Please note, that my label names follow some conventions, to make sure, that there is no chaos introduced in the setup of checkmk.

Summary:

Labels can be implied dynamically to the hosts in your checkmk monitoring environment. Tags can’t be applied in this way. Labels can be used later on, while defining monitoring rules, views, dashboard, filters and so on. Labels are a good mechanism to group hosts in different dimensions.

Embedding Monitoring into Existing Organizations

To ensure the success of an IT Monitoring project implementation in the long-run, the monitoring should be embedded into the existing organization with clear responsibilities and roles for each stakeholder.

In the slide below a sample organization is shown, with a typical matrix organization. This is often seen in enterprises.

There are four groups in focus regarding the monitoring deployment:

  • Users
    Most enterprises earn their money with these group of people. They expect a running application, performing well and supporting them getting their job done.
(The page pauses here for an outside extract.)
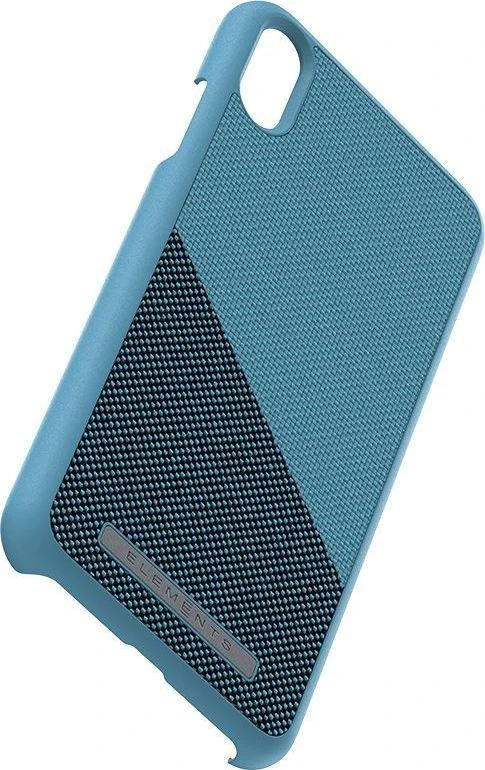 Nordic Elements Saeson Freja - dėklas skirtas Apple iPhone Xs Max Petrol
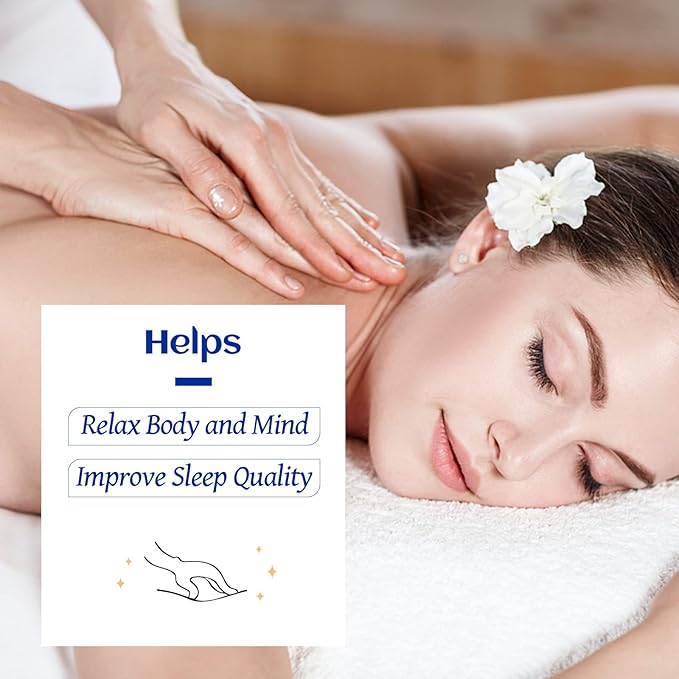 HIQILI 100ML Geranium Essential Oil for Skin, Diffuser & Candle, 100% Pure and Natural - 3.38 Fl Oz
These could be internal or external users or both.
  • Business
    This group are the stakeholders of the business processes and focus on getting things done, to maximize the contribution to the companies, they work for.
  • IT Application
    These people design, code, test and deploy the required applications.
  • IT Infrastructure
    This group of people are responsible to provide and run a reliable IT infrastructure and architecture for the future, including internal and external cloud platforms.

These definitions are samples, seen with different customers over the last years. Other organizations my have other setups working for them very well.

The point I want to highlight is, how to embed the monitoring into such an organization:

  • Support Level 1
    While the business support organization supports the questions from the user’s using the applications and processes supported. Often the product catalog is in focus, the order process itself, the configuration of product and so on. The questions are business driven rather than IT technical. IT technical question are rerouted to the IT support desk.
    The IT support desk is in charge for all questions, regarding IT related objects. This includes assistance for program usage help, user login issues, performance issues and so on.
  • Support Level 2
    This function is covered by an operations center. This organization keeps IT services up and running, monitors the state of key resources, applications, network and all other stuff making up a well performing IT environment. They are in charge to initiate requests to level 3 if problems arise, they can’t handle by themselves. Regarding monitoring, these people are the power user of the monitoring solution. All acquired data is used here, to provide a comprehensive overview about the IT status and to enable decisions, how to handle given situations.
  • Support Level 3
    Level 3 has several teams, contributing to this mission. Developers and system programmers have to collaborate to get solutions for serious problems arising while operating the application.
    • System programmers are in charge to fix problems with hard- and software packages and their configuration.
    • Developers have to deal with issues originating from self-developed application code.Today, these roles are often combined in so called DevOps teams. These teams are responsible to perform deep dive analysis in case of application errors, including log analysis, detailed performance measurement and threshold definition. They also have to continually develop monitoring thresholds to increase alarm accuracy. They install new monitoring tools and integrate these into the existing solution. DevOps teams always keep in mind, that any new technology requires also a new monitoring review and potentially a new monitoring component.

Monitoring should be embedded into IT management processes, best described in ITIL. Incident management, problem management and change management are the disciplines in focus. For more details on monitoring and ITIL see the Process Symphony Knowledge Base.

As I described in my blog entry Finding the best Monitoring Solution, monitoring is a process rather than a status. It is a never ending iteration of requirement review, software upgrade, solution design and execution. That’s why it is so important to embed monitoring into IT organization’s daily business.